No mesmo ano (203 d.C.), Clemente de Alexandria fugiu para salvar sua vida durante a perseguição do imperador romano Severo após ter sido o líder da igreja em Alexandria durante 13 anos. Em Stromata, VII, 26 ele escreve:

"Deus não descarrega vingança, pois a vingança é devolver o mal por mal, e Deus castiga apenas com vista ao bem."

Mais uma vez, ao comentar 1 Timóteo 4:9-11, onde lemos que Ele é o Salvador de todos os homens, especialmente daqueles que creem, Clemente escreve:

"E como Ele é Salvador e Senhor se não o Salvador e Senhor de todos? Porém, Ele é o Salvador dos que creram... e o Senhor dos que não creram... pois todas as coisas estão acomodadas com vista à salvação do Universo pelo Senhor do Universo, tanto em geral como em particular... Mas as correções necessárias, através da bondade do grande Juiz Soberano, tanto por parte dos servos anjos, como por vários julgamentos prévios, ou pelo Juízo Grande e Final, obrigam os pecadores egrégios a arrependerem-se."

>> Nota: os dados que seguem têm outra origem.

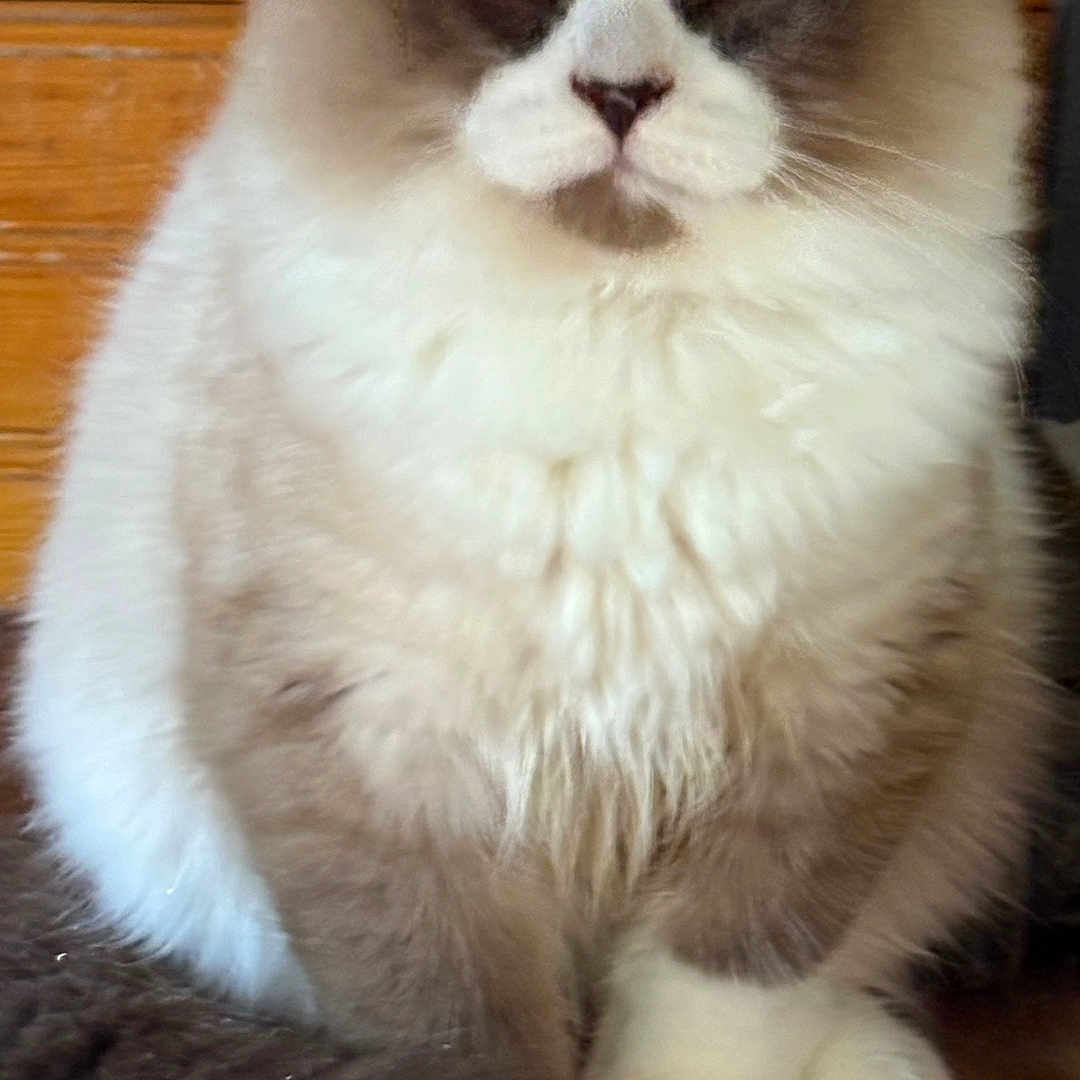 Seven-Eleven is registered to the contest to win money with this photo: animal, blue_eyes, calm, cat, closeup, cute, domestic, ears, face, feline, fluffy, fur, indoor, paws, pet, portrait, sitting, tail, whiskers, wooden_floor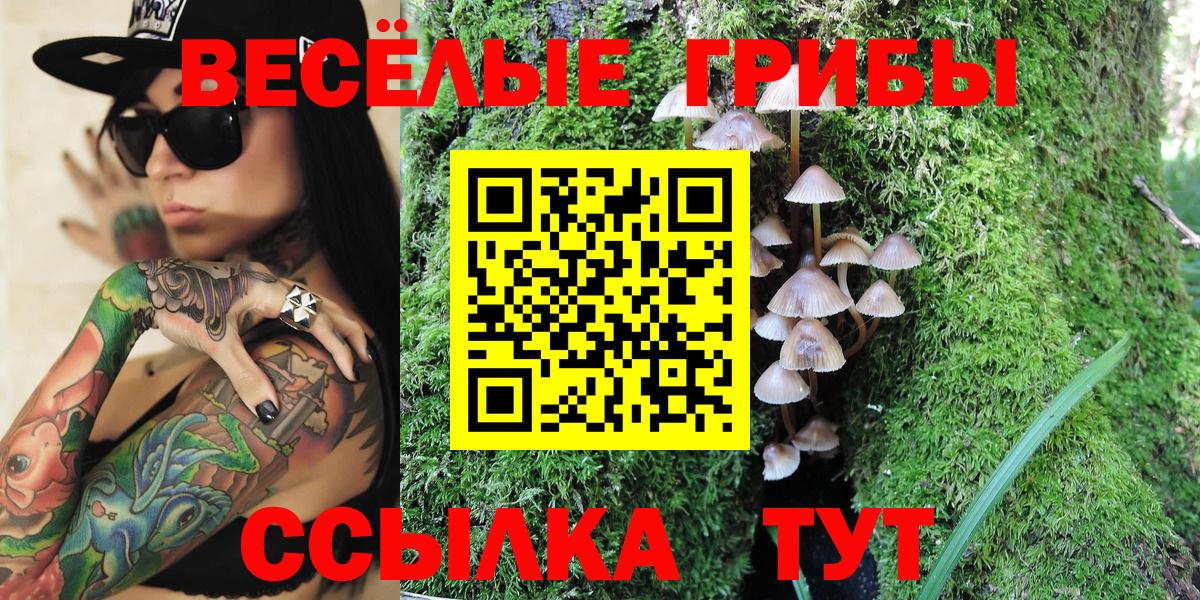 наркошоп  Вход с VPN  Ставрополь  Псилоцибиновые грибы мухоморы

Por favor, desculpem-me suas longas sentenças típicas dessa época. Qualquer sentença que tenha mais de 15 palavras é hoje considerada como escrita de nível universitário, mas era normal antigamente. E assim vemos também nas frases de Paulo!

Clemente também escreveu em Stromata, VII, 6,

"Dizemos que o fogo purifica, não a carne, mas as almas pecadoras; não um simples fogo devorador, mas o 'fogo sábio' como chamamos, o fogo que 'penetra a alma' a qual atravessa.”

Clemente escreveu em Ecl. Proph., XXV, 4,

"O fogo é concebido como um poder benéfico e vigoroso, destruindo o que é básico, preservando o que é bom; portanto, esse fogo é chamado de 'sábio' pelos Profetas."

Onde Clemente foi buscar essa ideia de "fogo sábio" que purifica em vez de destruir? Com certeza, não foi da cultura egípcia que o rodeava. Segundo o livro The Birth of Purgatory (O Nascimento do Purgatório) de Jaques de Goff, páginas 19 e 20

"O Inferno Egípcio era particularmente impressionante e altamente refinado... O confinamento e a prisão desempenhavam um papel importante. As torturas eram sangrentas, e o castigo com fogo era frequente e aterrador... Quando se tratava da topografia do Inferno, a imaginação egípcia não conhecia limites... Os estados intermediários de fases no processo sobrenatural de purificação não existiam".

Jaques de Goff também nos informa na página 53 do contraste entre a visão egípcia do castigo divino e da visão dos primeiros cristãos,

"A partir do Antigo Testamento, Clemente e Orígenes tomaram a noção de que o fogo é um instrumento divino, e, do Novo Testamento, a ideia do batismo pelo fogo (Evangelhos) e a ideia de um julgamento purificador após a morte (Paulo).”

Poucos cristãos de hoje compreendem que a doutrina da igreja de um inferno ardente está muito mais próxima da visão egípcia do que da visão da igreja primitiva. O fato que os egípcios ensinavam tortura eterna, tanto no inferno como no purgatório, está em oposição direta ao ensino da igreja nos primeiros séculos. Mas, foi mais tarde que a igreja finalmente veio a concordar com o ensinamento religioso egípcio sobre o assunto.

Quando Clemente fugiu de Alexandria no ano 203, o seu mais brilhante aluno Orígenes o substituiu como líder da igreja em Alexandria. Depois de Paulo, Orígenes foi o primeiro grande teólogo da igreja, e os seus escritos foram os mais influentes de seu tempo. Apesar de Orígenes não ter originado a ideia da reconciliação universal, ele é hoje o Universalista mais conhecido de todos os tempos, simplesmente devido ao volume de seus escritos e à extensão de sua influência. Por isso, a reconciliação universal é muitas vezes chamada "Origenismo".